I watched as the man I loved like a father touched the brim of his chauffeur’s hat and smiled back with an amusing touch of embarrassment.
After my dad’s suicide, my entire life was upended. In the messy years that followed, the one point of stability had been Angus, a man hired to be a driver and bodyguard but who turned out to be a lifeline instead. At a time when I felt isolated and betrayed, when even my own mother refused to believe I’d been repeatedly raped by the therapist who was supposed to help me adjust, Angus had been the one to anchor me. He never doubted me. And when I struck out on my own, he’d come with me.
As my wife’s sleek, toned legs slid out of view into the backseat of the Bentley, Angus spoke. “Let’s not muck it up this time, lad.”
My mouth twisted ruefully. “Thanks for the vote of confidence.”
I joined Eva, settling in as Angus rounded the car to reach the driver’s seat. I set my hand on her thigh and waited for her to look at me. “I want to take you to the beach house this weekend.”
She held her breath a moment, then released it in a rush. “My mom invited us up to Westport. Stanton’s asked his nephew, Martin, to come, and Martin’s girlfriend, Lacey—she’s Megumi’s roommate, I don’t know if you remember …. Cary will be there, too, of course. Anyway, I said we’d come.”
Wrestling with disappointment, I considered my options.
“I want us to do some family things,” she went on. “Plus, my mom wants to talk about this plan I have.”
I listened as she related her lunchtime conversation with Monica.
Eva studied my face as she finished. “She said you wouldn’t like the idea, but you’ve used the paparazzi before, when you dipped me on the sidewalk and kissed me until I couldn’t think straight. You wanted that picture out there.”
“Yes, but the opportunity presented itself, I didn’t seek it out. Your mother’s right—there is a difference.”
Her lower lip curved downward, and I revised my strategy. I wanted her involved and actively participating. That meant encouragement and acknowledgment, not roadblocks. “But you’re also right, angel. If there’s an audience for Corinne’s book, there’s a market void that needs to be filled and we should address that.”
The smile she beamed at me was its own reward.
“I was thinking we could ask Cary to take some candid photos of us this weekend,” she said. “Some moments that are more personal and casual than red carpet photo ops. We can sell the ones we like best to the media and donate the proceeds to Crossroads.”

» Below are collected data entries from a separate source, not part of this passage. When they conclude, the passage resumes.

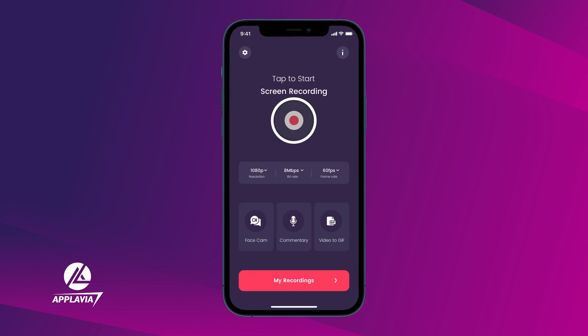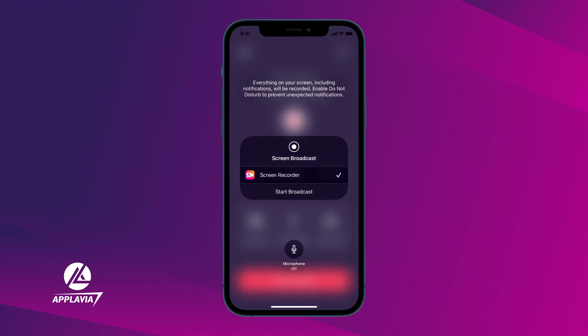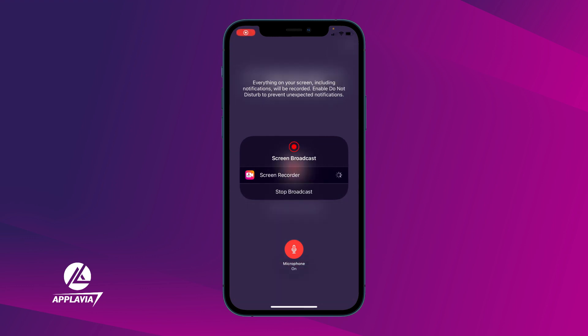Next, tap on the red dot button. You can record external audio by turning on the microphone. That's it! Tap on Start Broadcast button to start recording everything on your iPhone screen.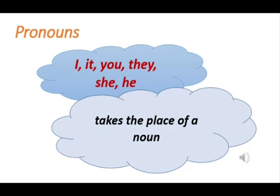I, it, you, they, she, he — these words are called pronouns. Pronouns take the place of a noun.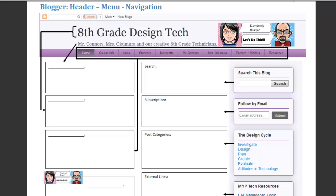Hey students, it's Mr. Connors and here we are back again taking a look at our next tutorial video. This time we're going to be talking about the header, the menu, and how to navigate through our blogs.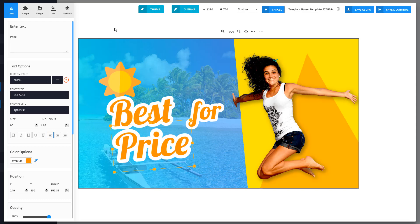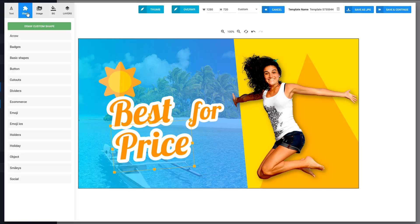Free drawing is now available in Thumbnail Blaster. Let me show you how it works. You need to go to Shapes and you can start drawing any custom shapes that you want.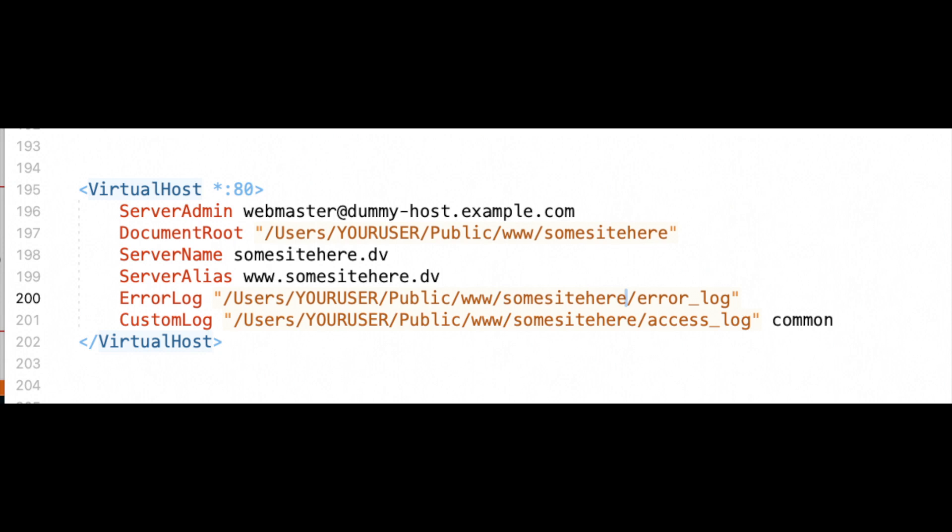Then again, these are also optional, but if you want to record error logging, if you're doing local development on your website, probably not a bad idea to turn this on. You just put that inside the same directory from your document route, and then you add the error log. Same thing here. I also have an access log. It doesn't hurt to have one of those as well. You just put in the same path, and you add common at the end. Close up your virtual host tag, and then save this document.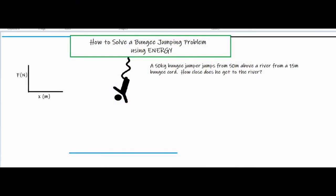In this video I'm going to talk about how to solve a bungee jumping problem using energy. This applies to any elastic or spring-type object where something is attached, released, falls down, stretches, and oscillates. The specific scenario is a 50-kilogram bungee jumper who jumps from 50 meters above a river from a 15-meter bungee cord — how close does he get to the river?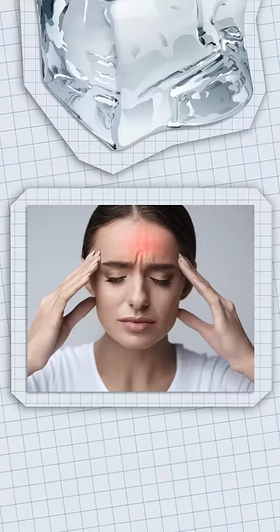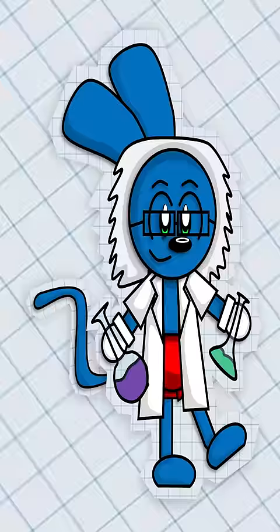Well, the ice headache's scientific term is Phenopalatine Ganglioneuralgia, which is just a word used to make doctors sound smart, but basically, this is the process of the headache you get while eating cold food too fast.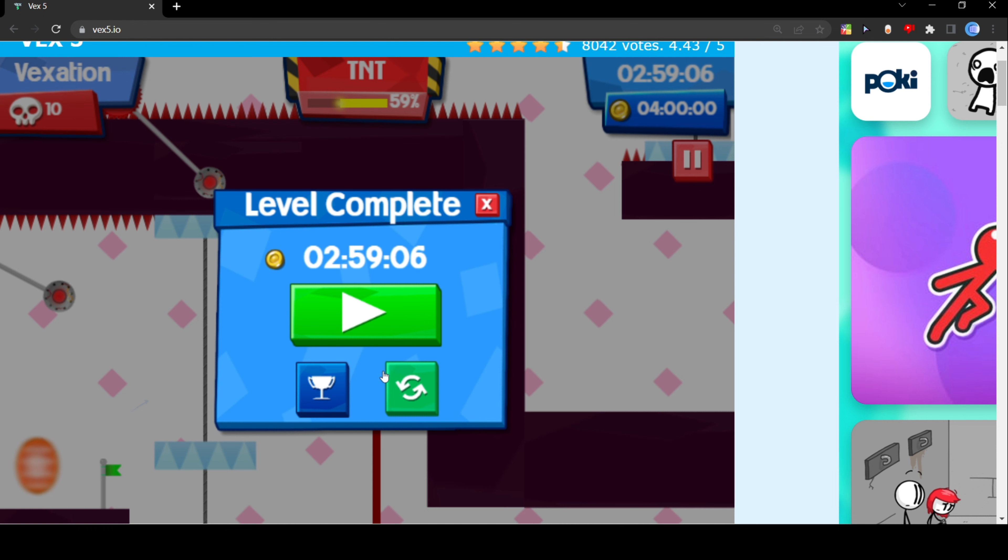Okay that was actually a pretty good playthrough. I got gold, 2:59:06, the total time is four minutes. Yeah I'd say that was a pretty good playthrough.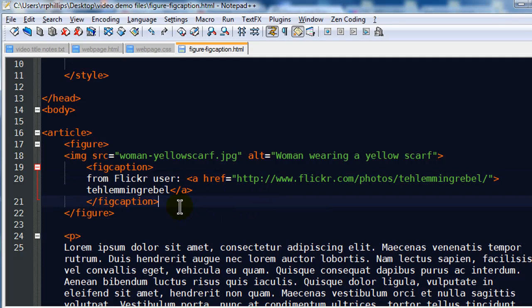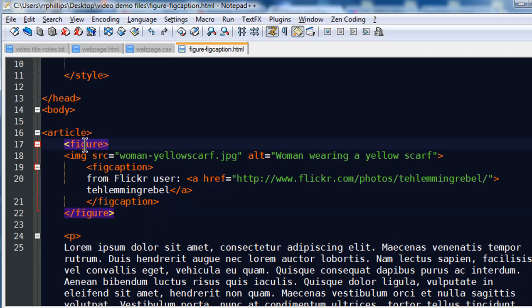These are new elements, but they're not necessarily critical. You could have done everything we're doing right now with div tags instead of figure, and div or even paragraph tags instead of figcaption. Paragraph would have worked fine there also. But now it's a little bit more descriptive.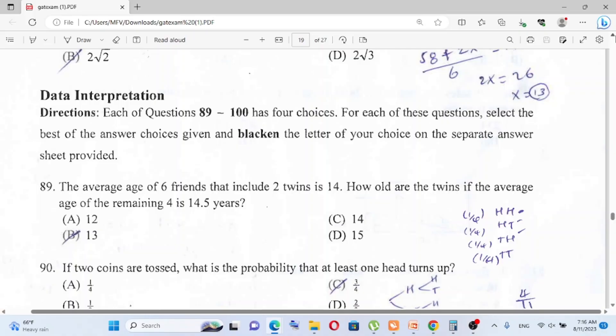Hi everyone, welcome to our channel InfoTekadis. In the next episode: quantitative reasoning, part 3.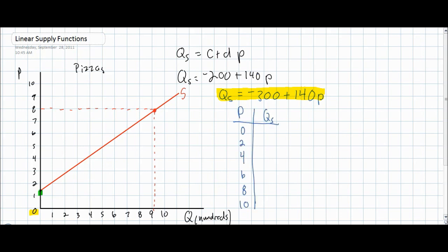With our new supply equation, at a price of zero, the quantity supplied is going to be less than it would have been at a price of zero on our original supply function. This is because the autonomous level of supply has now decreased to negative 300. Therefore, if the price equals zero dollars, pizza producers would be willing to supply negative 300 pizzas — in other words, no output will be produced at a price of zero.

The charitable foundation I’d established had plenty of funding, but I understood that raising money was a side benefit to Eva’s plan to mitigate the impact of Corinne’s tell-all book. Because I regretted the pain the situation was bound to cause my wife, I was prepared to support her in whatever way she needed, but that didn’t mean I wouldn’t fight for a weekend alone with her.

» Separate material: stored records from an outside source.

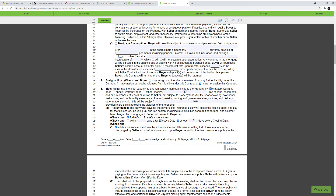Assignability — this is whether the buyer can assign the contract. Most of the time I always mark 'they may not assign the contract,' because if this is the buyer I'm doing business with, I don't want them assigning it to somebody else or wholesaling it out. If they want to put the property in a company name, I tell them to just write the company as the buyer at the top. I prefer a very simple contract — that's just my opinion. For today's video, we're marking it as not assignable.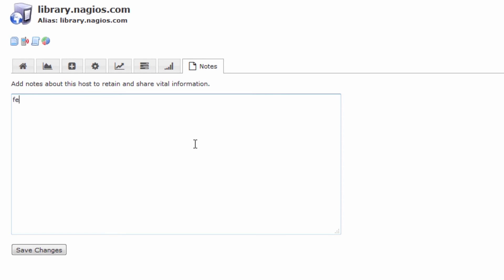These notes are organization specific so I'm just going to make up something. Feel free to call Jesse about questions regarding this host and then I'll give my extension.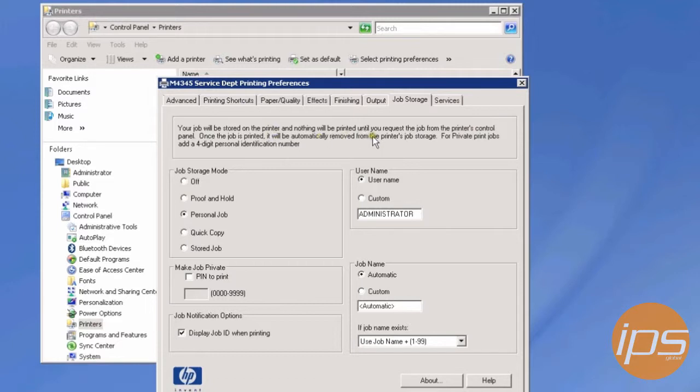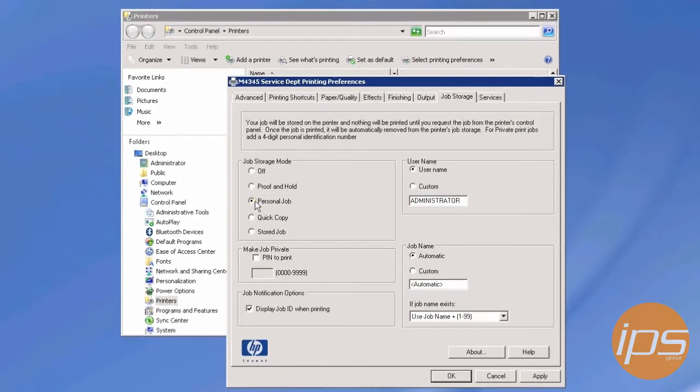For private print jobs, add a four-digit personal identification number. Since it automatically deletes the job when printed, that means the hard drive won't get filled up.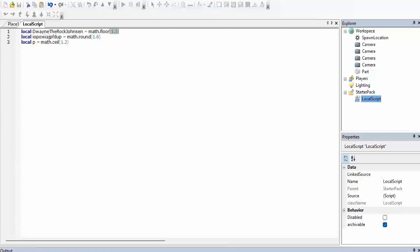So math.floor will give you the smallest non-decimal, and round is going to give you the closest non-decimal.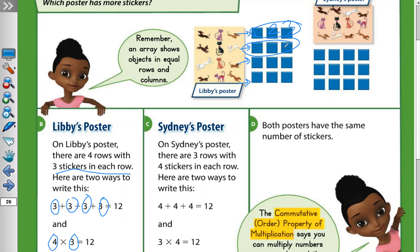In Sydney's poster, there are how many rows? One, two, three — three rows — with how many stickers in each row? One, two, three, four — four stickers in each row.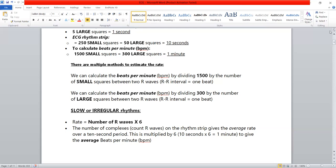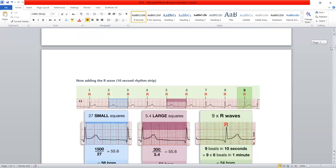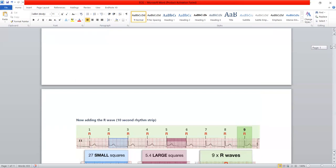Let's do some examples. Look at this ECG and calculate the heart rate. We need to count the large squares between two R waves. One R wave is here, another R wave is here. Counting the large squares between them: one, two, three, four, five — almost five large squares. So 300 divided by 5 is approximately 60 beats per minute.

“We can make it a day trip,” I suggested, beginning the negotiation at the extreme, which gave me room to whittle down. “We can spend Friday night through Sunday morning in North Carolina, then spend Sunday in Westport.”
“Go from North Carolina to Connecticut to Manhattan in a day? Are you nuts?”
“Friday night through Saturday night, then.”
“We can’t be alone like that, Gideon,” she said softly, setting her hand over mine. “We need to follow Dr. Petersen’s advice for a while. I think we need to spend some time dating, going out in public, figuring out how to take care of … issues without using sex as a crutch.”
I stared at her. “You’re not saying we can’t have sex.”
“Just until we’re married. It won’t be—”
“Eva, we’re already married. You can’t ask me to keep my hands off you.”
“I am asking.”
“No.”
Her mouth twitched. “You can’t say no.”
“You can’t say no,” I countered, my heart beginning to pound. My palms grew damp, a low-grade panic beginning to set in. It was irrational, infuriating. “You want me as much as I want you.”
She touched my face. “I sometimes think I want you more, and I’m okay with that. But Dr. Petersen’s right. We moved so fast and we’ve been hitting all the speed bumps at a hundred miles per hour. I feel like we have this little window of time when we can slow down. Just for a few weeks, until the wedding.”
“A few weeks? Christ, Eva.” I pulled away, running my hand through my hair. Turning my head, I looked out the window. My mind was racing. What did this mean? Why would she ask?